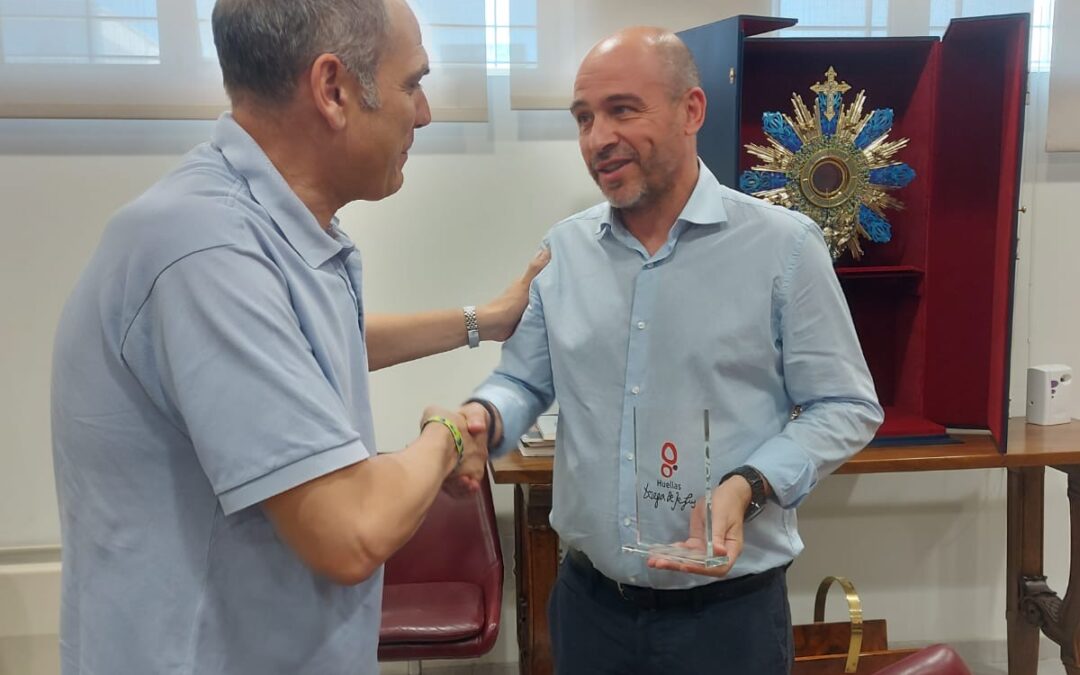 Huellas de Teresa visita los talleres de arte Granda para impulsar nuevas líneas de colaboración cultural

++++++++++

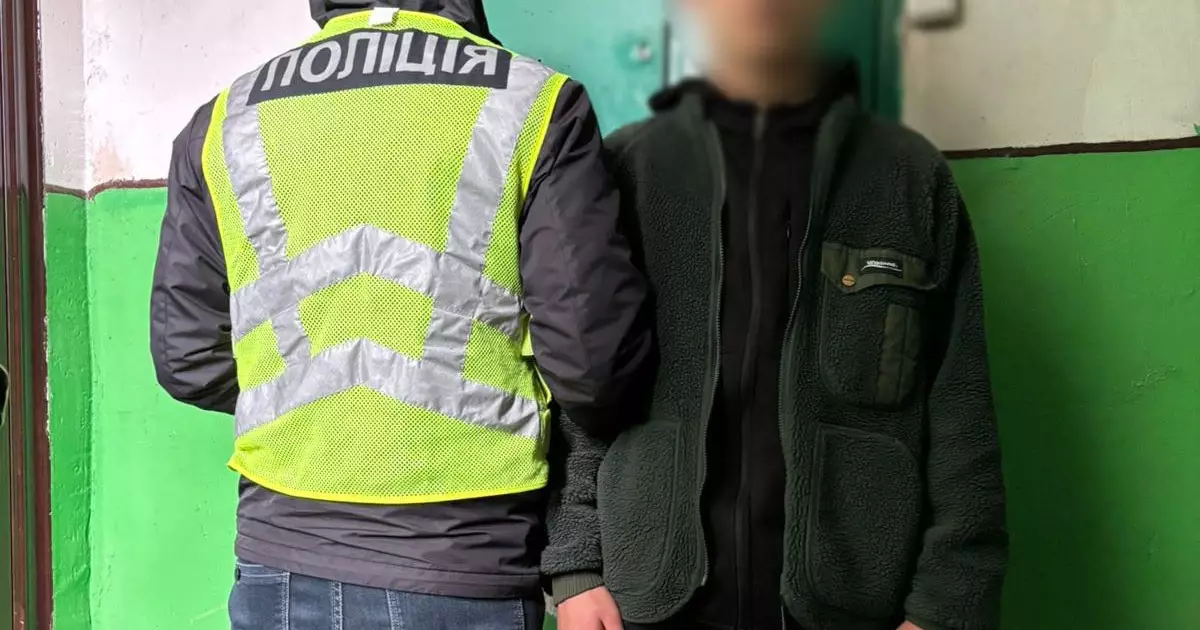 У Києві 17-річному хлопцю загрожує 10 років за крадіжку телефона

++++++++++

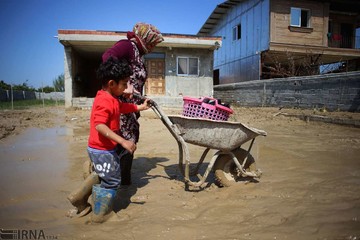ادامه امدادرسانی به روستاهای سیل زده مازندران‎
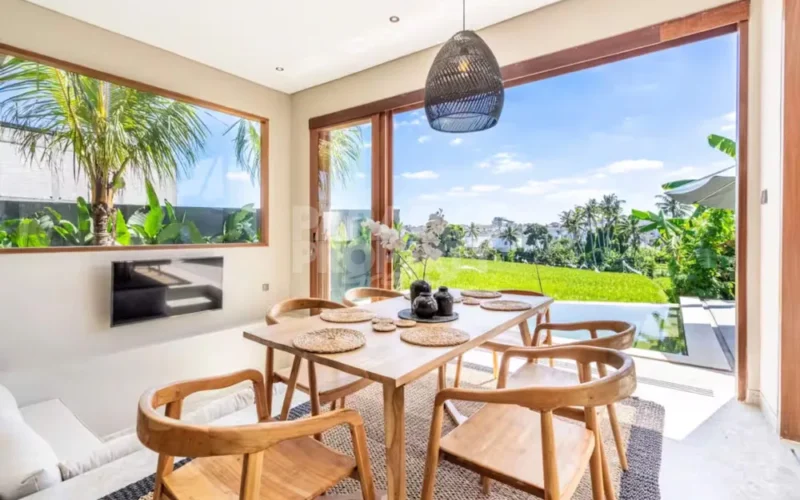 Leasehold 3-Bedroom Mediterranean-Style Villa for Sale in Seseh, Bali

++++++++++

An exact copy is needed of the stretch above that opens with the line containing "ادامه امدادرسانی به" and closes with the line containing "Leasehold 3-Bedroom Mediterranean-Style"; the pictures are not part of it.

ادامه امدادرسانی به روستاهای سیل زده مازندران‎
 Leasehold 3-Bedroom Mediterranean-Style Villa for Sale in Seseh, Bali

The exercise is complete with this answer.